Romney is to bipartisanship as herpes is to good sex: It happened at least once, but with 20/20 hindsight all the gory details didn’t turn out so well.
Romney has some sort of polling number or finger in the wind finding that he will get more votes by promising a bipartisan approach to the issues if he is elected president, so that has become standard fare in his campaign. As “proof” of his willingness to reach across the aisle he points to his actions as governor of Massachusetts. Per Romney’s track record of late, his “proof” is substantially lacking when held up to scrutiny
Romney is fond of saying that he had to work with a legislature that was 85% Democratic. Or as Romney says: with an 85% “Democrat” legislature. The use of the word “Democrat” in place of the proper “Democratic” is the first give away as to Romney’s bipartisan approach. That is tried and true wordplay which invariably signals that the speaker is trying their best to needle members of the Democratic party and really has no interest in being anything other than a partisan Republican ying yang as far as the other side is concerned
To be sure, there is one sterling example of bipartisan outreach Governor Romney can accept credit for: The health care reform he passed was wildly popular with Democrats. In fact Ted Kennedy was effusive in his praise of Romney over this particular law and it passed with overwhelming support from the Democratic legislature.
However that one example of bipartisanship sticks out like a blister on the naughty parts of a herpes sufferer. The rest of Romney’s term was a singular example of partisan warfare with Romney and the legislature in a constant state of conflict. Which conflict should be noted was usually resolved in the legislatures favor after over riding Romney’s veto over 800 times, many times unanimously. Having every Republican vote with every Democrat to over ride Romney’s veto is the definition of bipartisanship, but not in a way that favors Romney.
In fact, back in the halcyon days of yore, lo many many years ago, all the way back in the mists of ancient recorded time (2008 to be exact) Romney bragged about his proficiency with the veto pen in a campaign ad: ”I like vetoes; I vetoed hundreds of spending appropriations as governor”.

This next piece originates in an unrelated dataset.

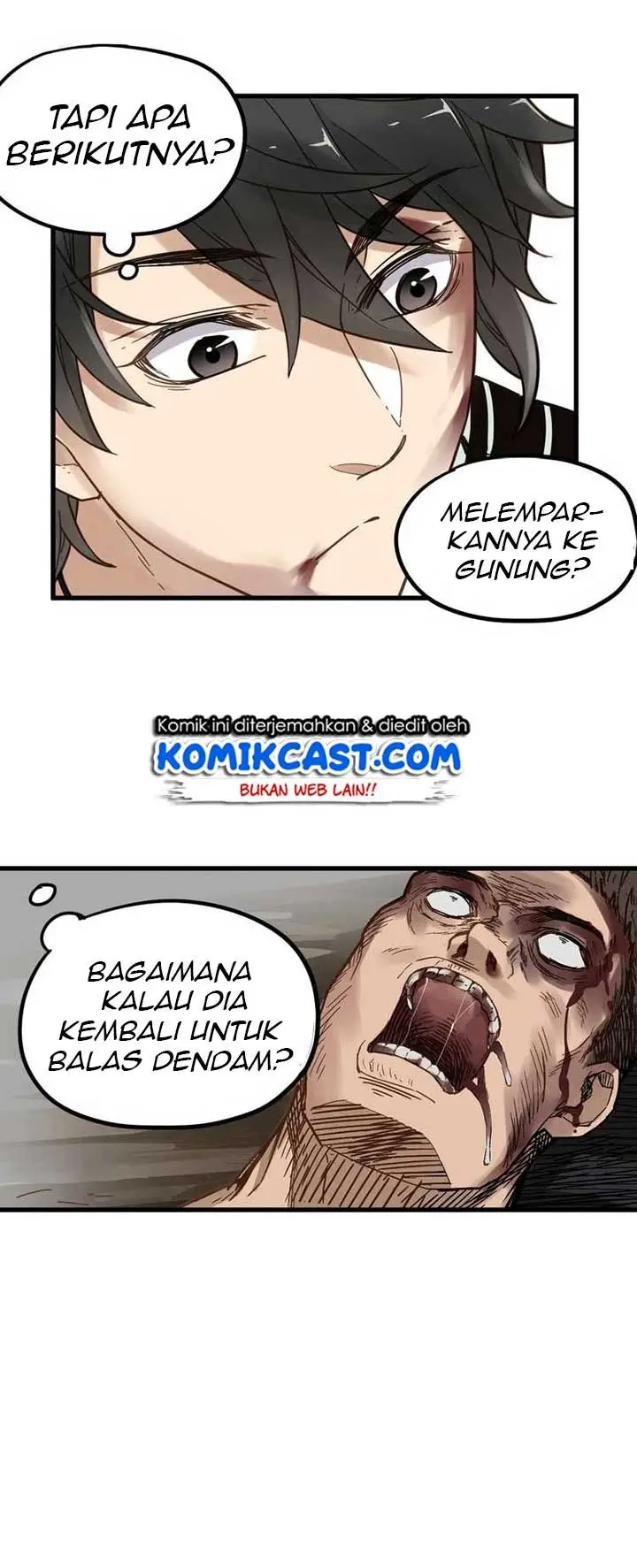 image-komik-the-sacred-ruins-chapter-7-40/71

I suppose in a way Romney was bipartisan, because he was a jerk to both Republicans and Democrats as governor. He had an office at the state house but forbade members of Congress from using the bank of elevators outside his office. Members of the Republican caucus complained about Romney not knowing their names.
Quite simply Romney was a creature of the executive board culture and he had a hard time dealing with the little people elected by the unwashed masses to represent them in Boston. As one Republican congressman put it: ”It took him a little bit to get used to dealing with elected officials, let’s put it that way”. When Romney’s effort to elect more Republicans in the mid term elections failed he told the Boston Globe ”From now on, it’s me-me-me.” Actually from then on for Romney it was lose lose lose as veto after veto was over ridden by the state house he was at war with.
Romney left office 2 years later with an approval rating hovering in the mid-30′s. He will lose the popular vote in the state of Massachusetts to President Obama by a double digit margin.
I guess we have to admit that Romney was good for bipartisanship in Massachusetts. Democrats and Republicans think he was a horrible governor, with the notable exception of health care reform which he promises to undo for the entire nation.